== Source data ==
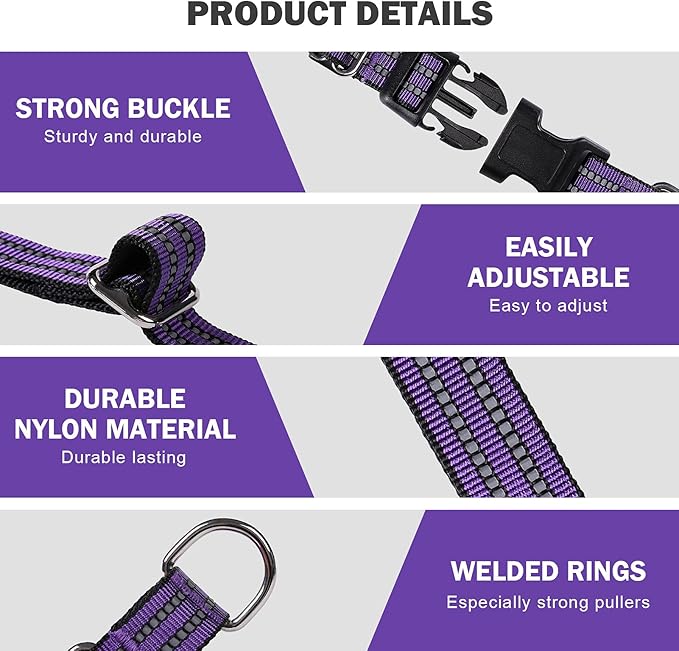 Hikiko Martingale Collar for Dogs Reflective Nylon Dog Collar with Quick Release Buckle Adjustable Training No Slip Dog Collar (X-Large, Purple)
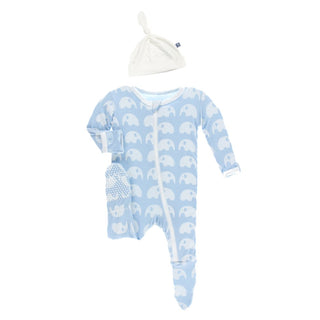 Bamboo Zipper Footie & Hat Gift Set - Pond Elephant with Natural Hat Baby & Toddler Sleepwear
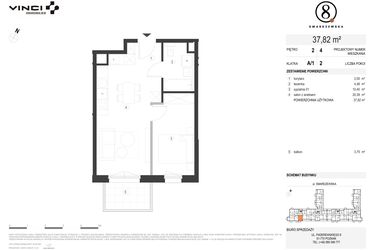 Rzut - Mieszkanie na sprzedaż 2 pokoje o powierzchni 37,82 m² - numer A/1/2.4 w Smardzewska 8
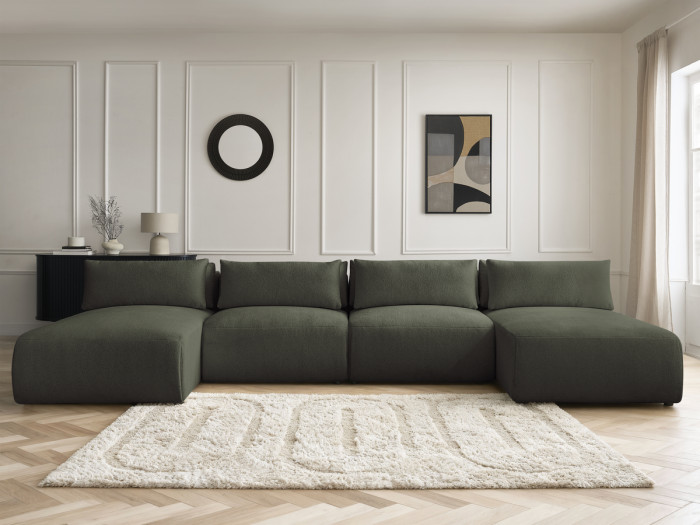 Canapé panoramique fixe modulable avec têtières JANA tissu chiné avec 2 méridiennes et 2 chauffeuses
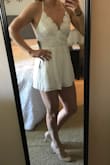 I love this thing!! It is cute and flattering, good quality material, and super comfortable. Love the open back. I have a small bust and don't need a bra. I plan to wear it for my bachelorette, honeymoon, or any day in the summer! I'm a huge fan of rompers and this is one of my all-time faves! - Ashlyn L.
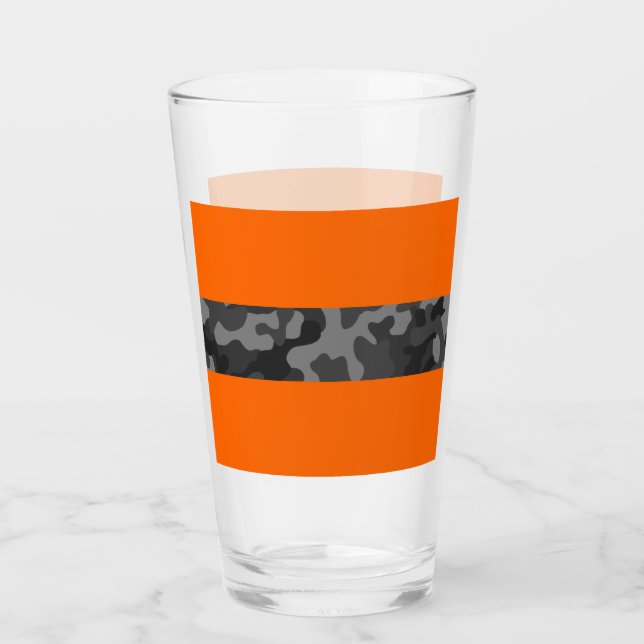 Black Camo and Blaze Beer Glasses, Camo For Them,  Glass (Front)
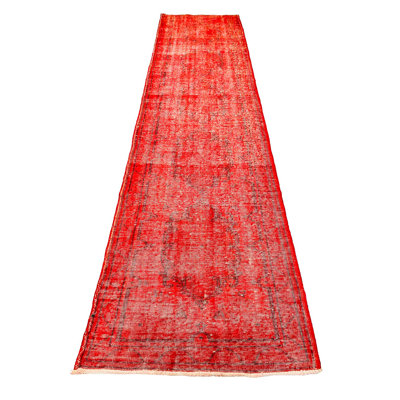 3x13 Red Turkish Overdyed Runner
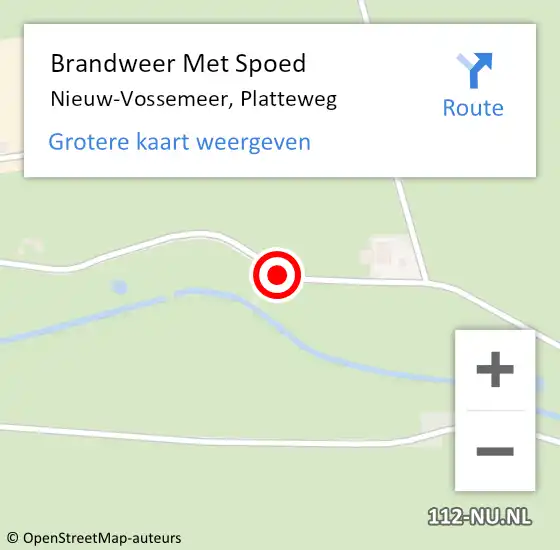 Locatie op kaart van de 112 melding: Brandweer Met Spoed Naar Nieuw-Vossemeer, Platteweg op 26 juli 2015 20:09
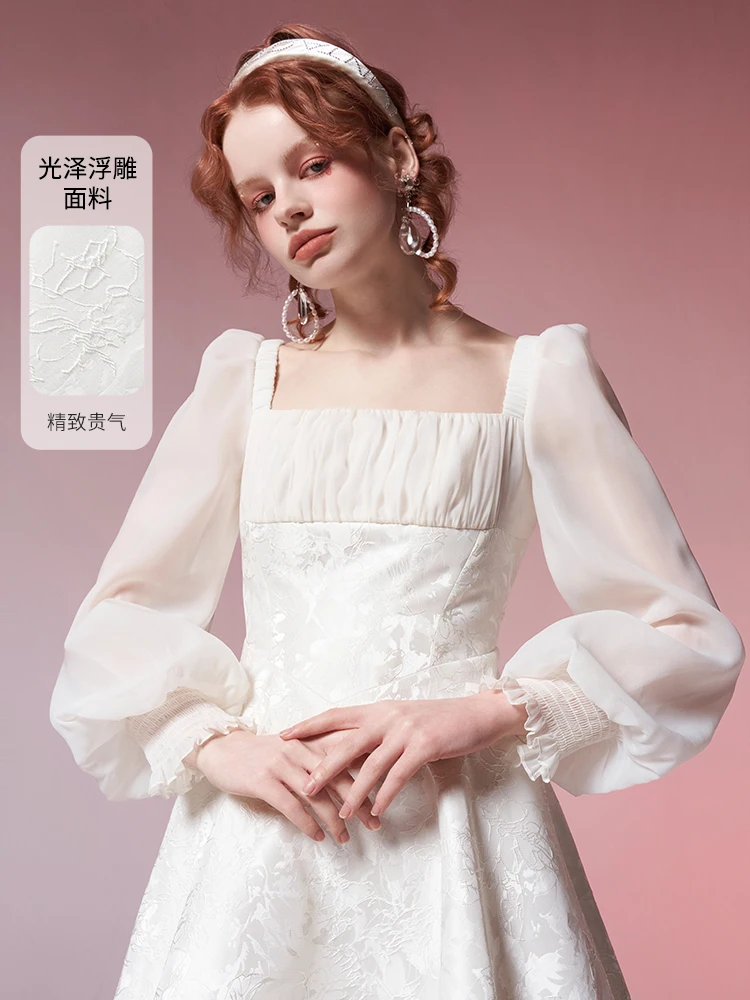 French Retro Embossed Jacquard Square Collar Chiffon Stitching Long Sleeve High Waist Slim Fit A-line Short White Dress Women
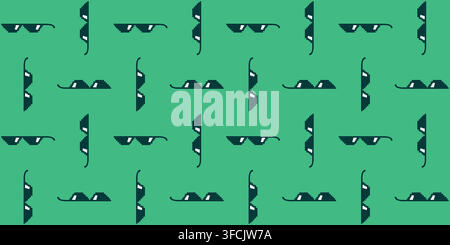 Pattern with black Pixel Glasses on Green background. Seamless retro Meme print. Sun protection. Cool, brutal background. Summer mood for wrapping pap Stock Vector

== Work instruction ==
Starting from the line with "Rzut - Mieszkanie" in the records above, repeat each line exactly until you have written the line with "Canapé panoramique fixe", then stop; drop the pictures.

== Finished task ==
 Rzut - Mieszkanie na sprzedaż 2 pokoje o powierzchni 37,82 m² - numer A/1/2.4 w Smardzewska 8
 Canapé panoramique fixe modulable avec têtières JANA tissu chiné avec 2 méridiennes et 2 chauffeuses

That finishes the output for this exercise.